Glenn Keeney, an active competitor from 1967-1975, competed in more than 300 tournaments. Glenn defeated many of the nation’s best fighters such as Bill Wallace, Artis Simmons, Walt Bone, Johnny Castaldo, Woodrow Fairbanks, Parker Shelton, Ken Knudson, Flem Evans.
As a member of the 1971/1972 USKA World Champion Team,  he traveled throughout Europe and Asia
on two Good Will Tours. The 1971-72 Team went undefeated both years. In 2012 he was inducted into "Madison County's 100 Greatest Athletes".

Tournament Promoter/Entrepreneur 
Keeney held his first karate tournament in 1968, and went on to host the 1970 & 1971 United States Karate Association Grand National Championships in Anderson, Indiana (the largest USKA tournament promoted to that date). He was voted Best tournament promoter by the USKA 4 years running. He co-hosted the 1975 Top Ten Nationals in Anderson, Indiana with Mike Anderson of Professional Karate Magazine, again with great success.
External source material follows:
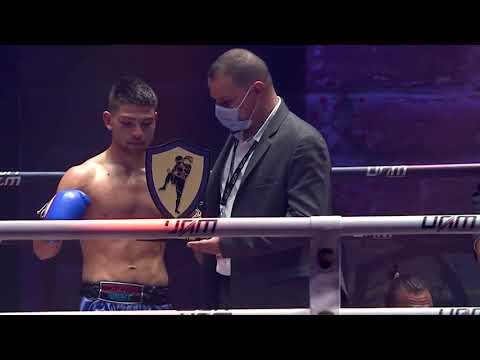 Dedication Unleashed: Ellis Barboza | Inspiring Muay Thai Highlights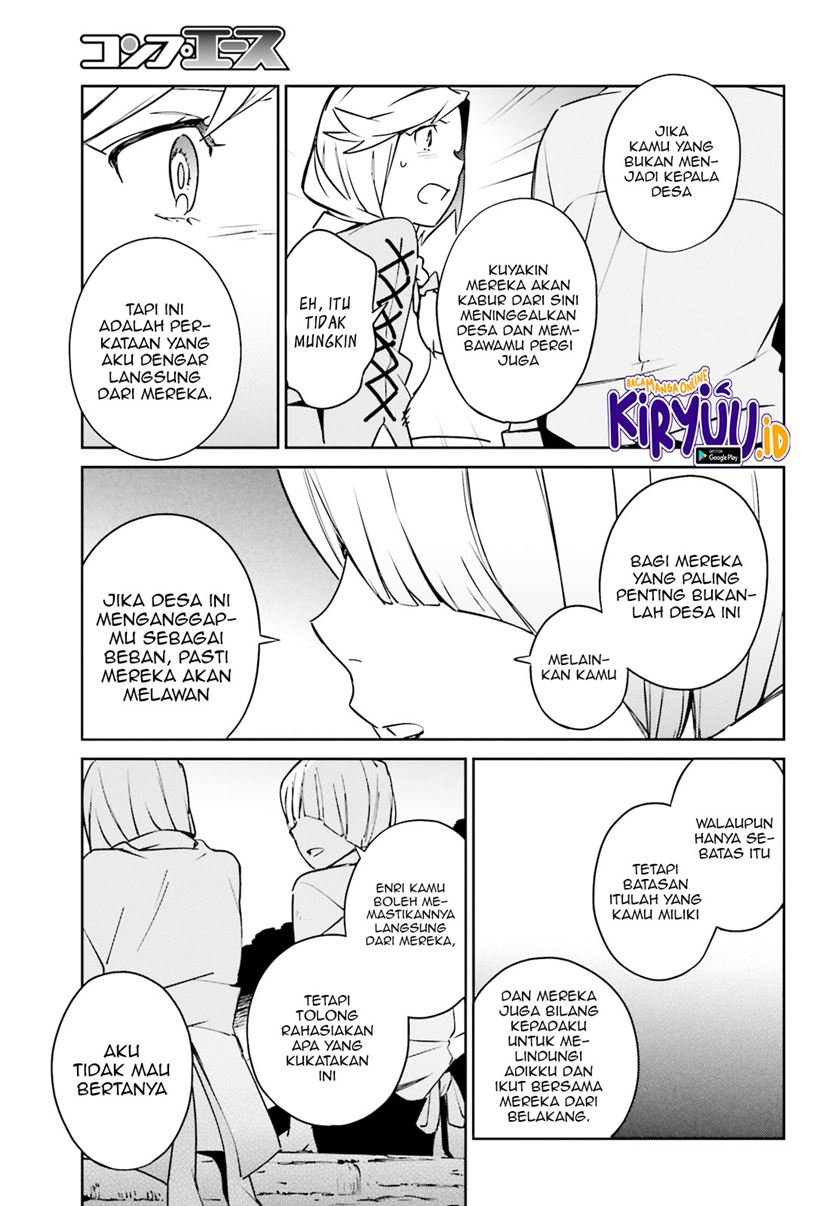 Overlord Chapter 58 - halaman 12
In 1980, he promoted the PKA, CBS televised Bill Wallace retirement fight in Anderson, and was subsequently presented with the "Key to the City" by Mayor McMahon. Working again with the PKA and ESPN he went on to promote the 1981/82 PKA Nationals. He continues as an active promoter, hosting the Professional Karate Commission’s International Karate Championships each year in Indianapolis, Indiana.  

As an administrator, Keeney assisted in writing the USKA rule book for tournament competition. He functioned as Rules Chairman for 10 years. For several years he headed up the ratings committee for the PKA, and at the First Los Angeles World Championships in 1974 he participated as a judge.

Founder 
Mr. Keeney founded the (PKC) Professional Karate Commission in 1986. It began as a sanctioning body for Full Contact Kickboxing.  Upon the death of Grand Master Robert A. Trias in 1989, Keeney further developed the Professional Karate Commission as a membership organization and sanctioning body to include sport karate competition and dedicated the organization to the preservation of the principles, ethics, & integrity of Karate-Do.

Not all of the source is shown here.